CloudWatch logs for the authenticator component show many of these messages:

time="2020-03-07T10:40:37Z" level=warning msg="access denied" arn="arn:aws:iam::[ACCOUNT_ID]]:role/AmazonSSMRoleForInstancesQuickSetup" client="127.0.0.1:50132" error="ARN is not mapped: arn:aws:iam::[ACCOUNT_ID]:role/amazonssmroleforinstancesquicksetup" method=POST path=/authenticate

I confirmed that role does exist in via IAM console.

Clearly this node is reporting NotReady because of these authentication failures.

Is this some authentication token that timed out after approximately 30 minutes, and if so shouldn't a new token automatically be requested? Or am I supposed to set something else up?

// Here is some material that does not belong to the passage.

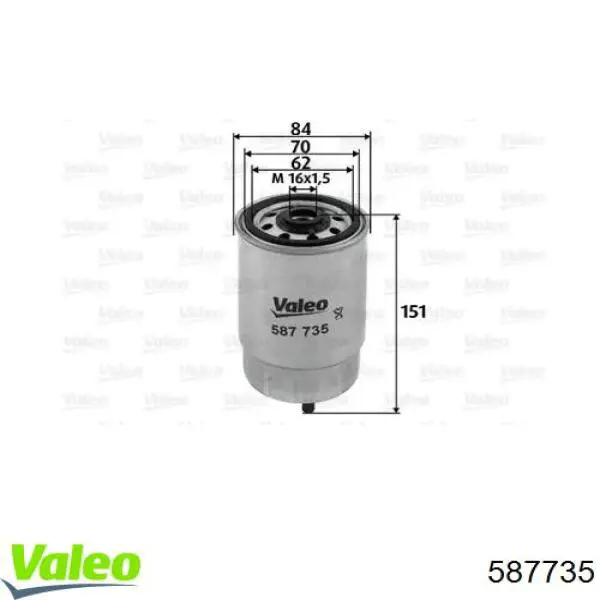 587735 VALEO filtro combustible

I was surprised that a fresh cluster created by eksctl would show this problem.

What did I miss?

the posted upvoted answer just regurgitated the documentation i already followed and did not help solve my problem, i did solve it myself though - if i can find my notes i'll post an update. i moved on to Azure instead of AWS so it's no longer fresh in my mind sorry. — caprica, Aug 12 '20 at 15:23

score 2 · Accepted Answer · answered Aug 12 '20 at 16:14

These are the steps I followed to resolve this issue...

Connect to the failing instance via SSH.
Execute "aws sts get-caller-identity"
Note the ARN of the user, it will likely be something like this arn:aws:sts::999999999999:assumed-role/AmazonSSMRoleForInstancesQuickSetup/i-00000000000ffffff

Note the role here is AmazonSSMRoleForInstancesQuickSetup, this seems wrong to me - but AFAIK I followed the guides to the letter when creating the cluster.

Issues so far:

a) Why is this role being used for the AWS identity?

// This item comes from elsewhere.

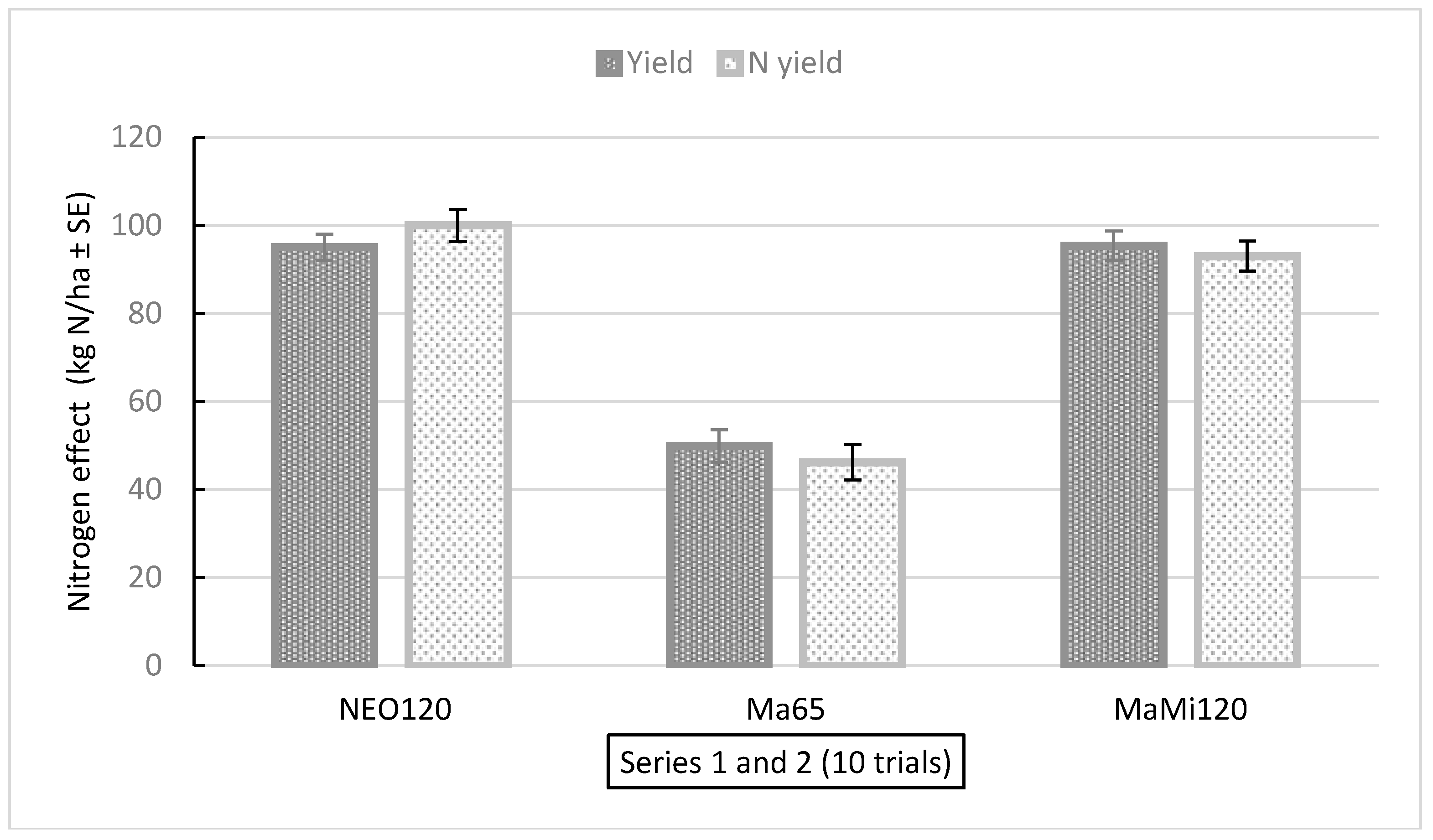 Preprints 72715 g005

b) If this is the right role, why is it successful at first and only fails 30 minutes after cluster creation?

c) If this is the right role, what access rights are missing?

Personally, this feels like it is the wrong role to me, but I solved my problem by addressing point (c).

Continuing the steps...

If this role is inspected via the IAM service in the AWS console, it can be seen that it does not have all of the required permissions, by default it has:

AmazonSSMManagedInstanceCore

Assuming this role is the correct role to use, then it needs at least the following policy added to it:

AmazonEC2ContainerRegistryPowerUser

Attach that policy in the usual way, I admit this may be granting more privileges than needed but that's for another day.

At this point, the AWS security configuration should now be correct, but this is not the end of the story.

Kubernetes, through the kubelet process, has its own security role mappings to consider - this is to map Kubernetes users to IAM users or roles on AWS.

This configuration is maintained by editing a Kubernetes configmap.

Edit the configmap with "kubectl edit -n kube-system configmap/aws-auth".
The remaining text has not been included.